#### Dataset excerpts:
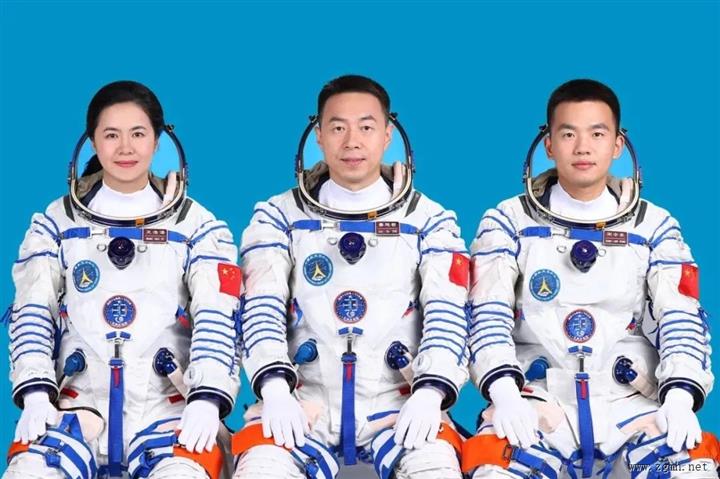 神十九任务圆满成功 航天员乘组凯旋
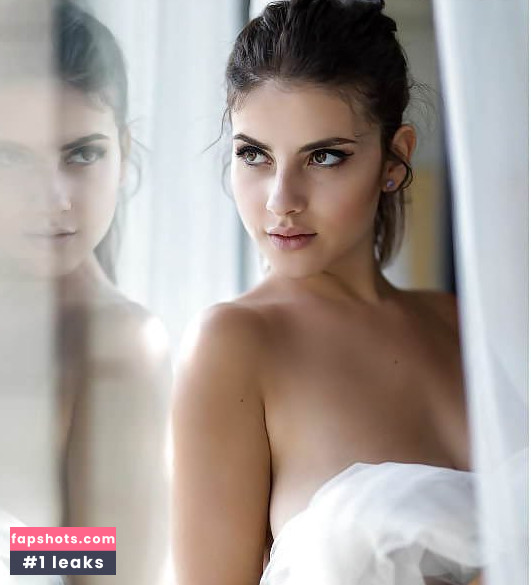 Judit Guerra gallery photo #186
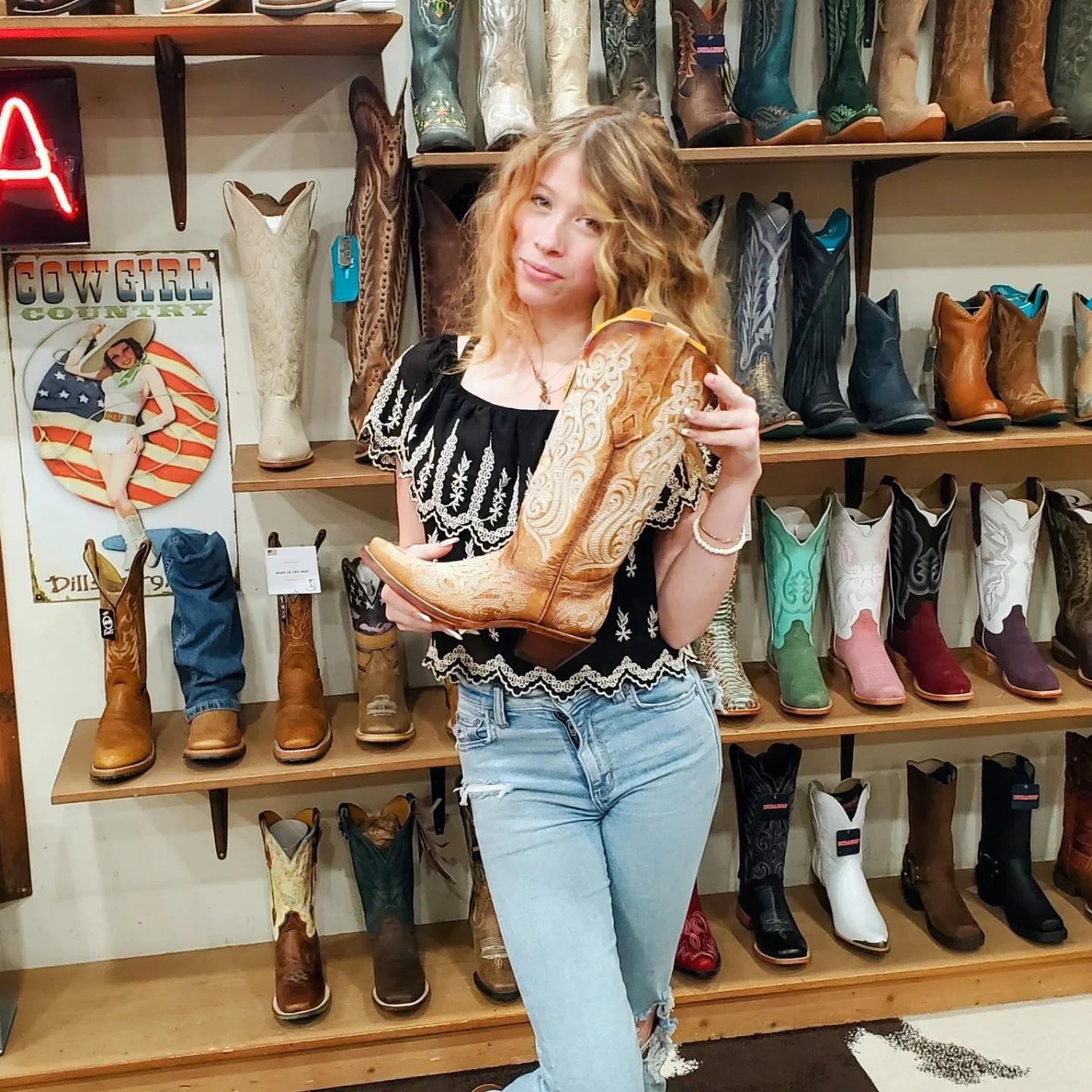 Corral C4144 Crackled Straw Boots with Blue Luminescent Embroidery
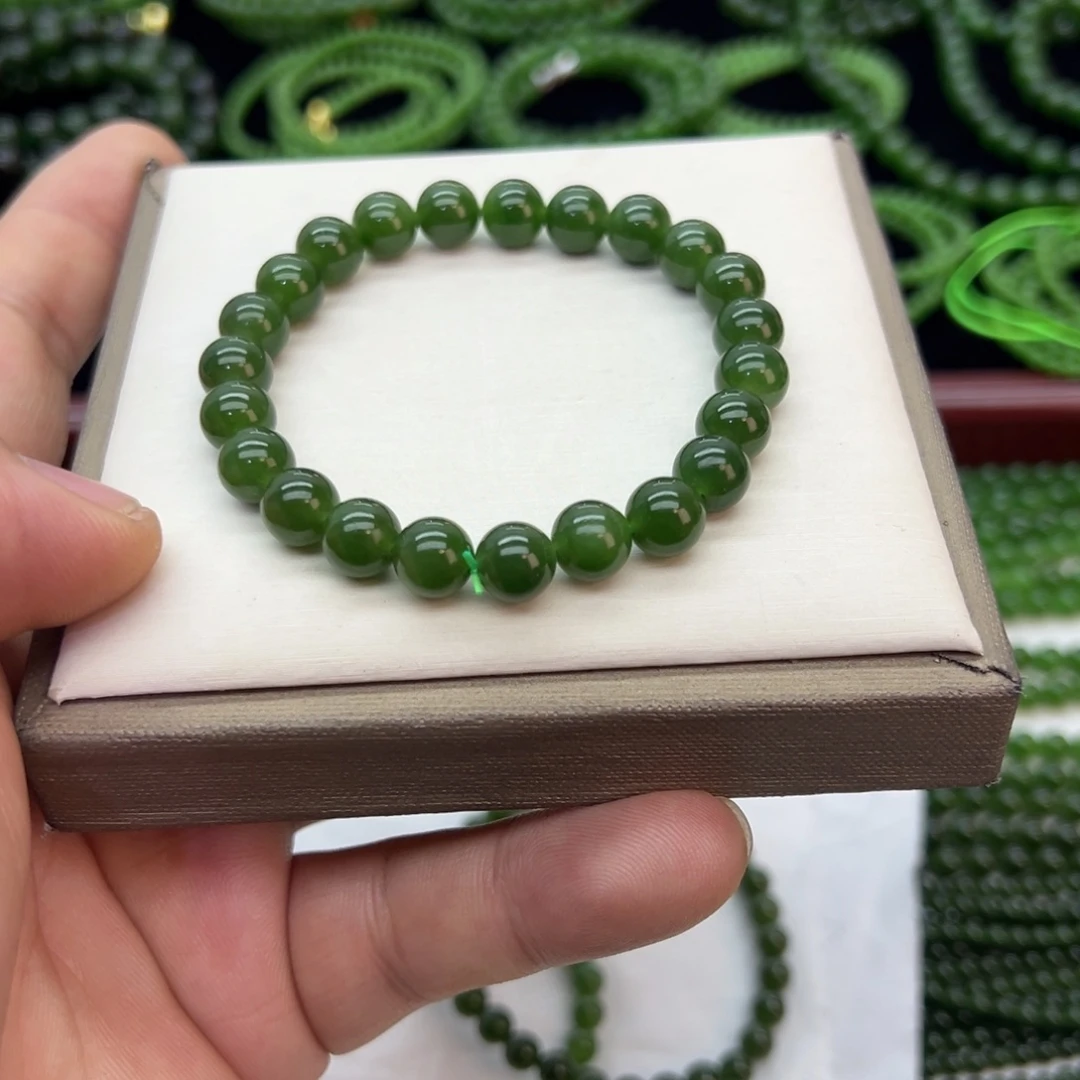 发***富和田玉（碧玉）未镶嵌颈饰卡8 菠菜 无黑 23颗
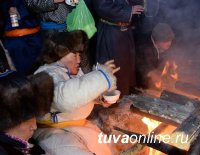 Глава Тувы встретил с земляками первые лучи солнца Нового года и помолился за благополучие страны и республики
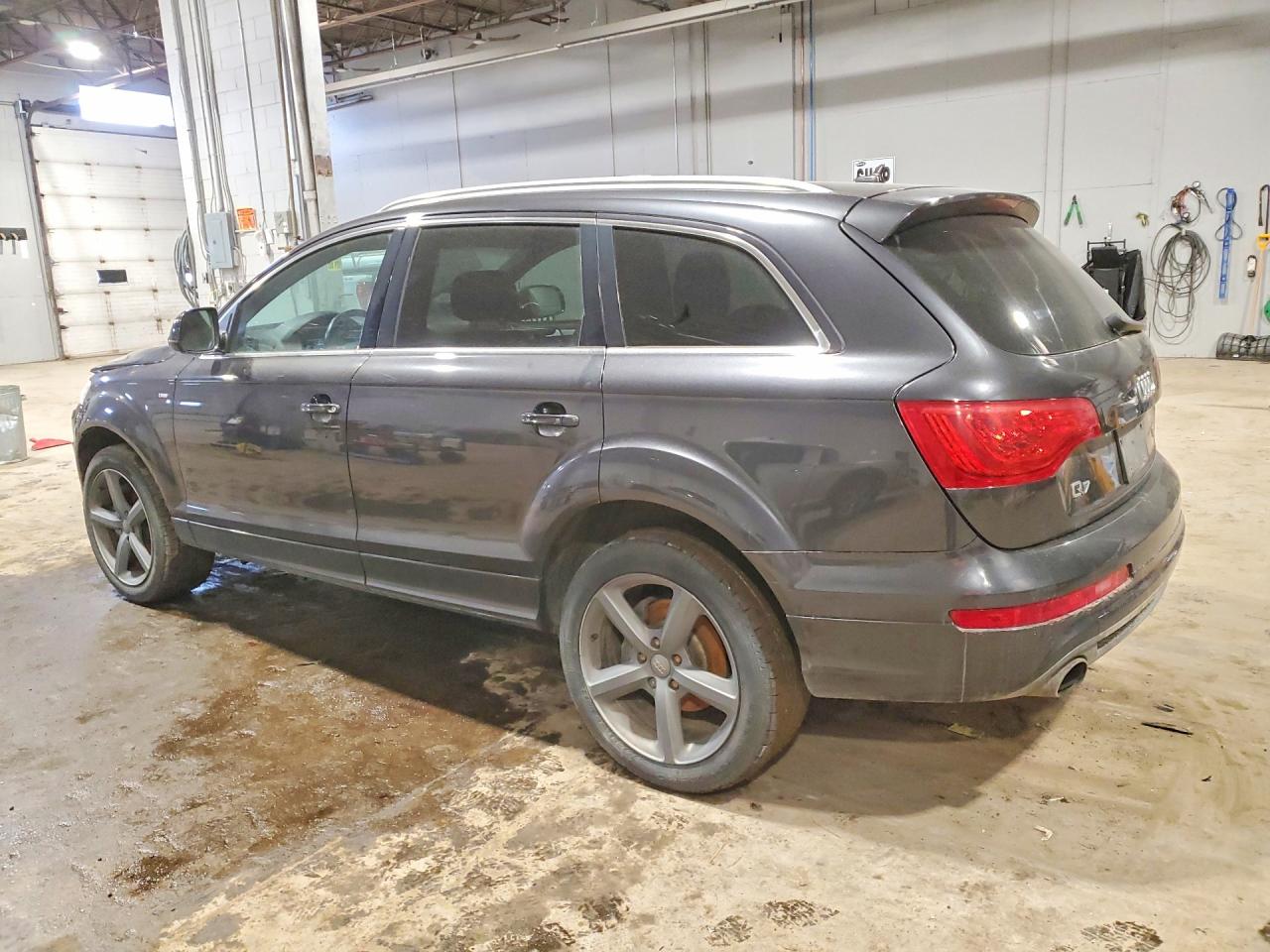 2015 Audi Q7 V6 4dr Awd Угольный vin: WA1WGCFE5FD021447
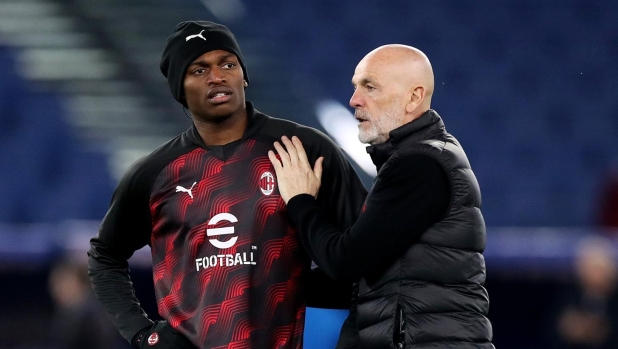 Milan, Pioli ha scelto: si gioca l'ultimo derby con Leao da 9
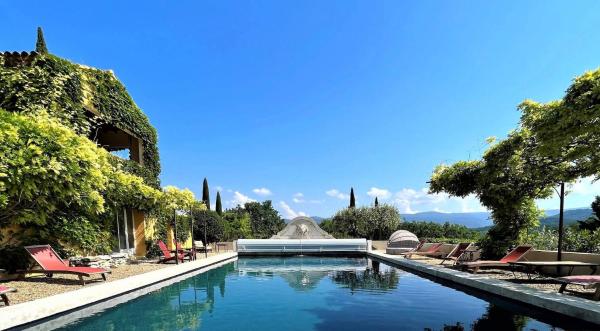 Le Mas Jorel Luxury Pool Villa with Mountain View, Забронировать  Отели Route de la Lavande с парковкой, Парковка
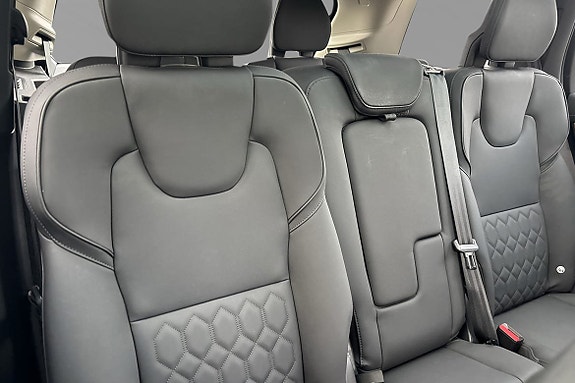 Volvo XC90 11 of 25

#### The task:
Ignoring the pictures, write out word for word only the lines from the one containing "Judit Guerra gallery photo #186" through the last line of the data, both ends included.

#### Expected output:
 Judit Guerra gallery photo #186
 Corral C4144 Crackled Straw Boots with Blue Luminescent Embroidery
 发***富和田玉（碧玉）未镶嵌颈饰卡8 菠菜 无黑 23颗
 Глава Тувы встретил с земляками первые лучи солнца Нового года и помолился за благополучие страны и республики
 2015 Audi Q7 V6 4dr Awd Угольный vin: WA1WGCFE5FD021447
 Milan, Pioli ha scelto: si gioca l'ultimo derby con Leao da 9
 Le Mas Jorel Luxury Pool Villa with Mountain View, Забронировать  Отели Route de la Lavande с парковкой, Парковка
 Volvo XC90 11 of 25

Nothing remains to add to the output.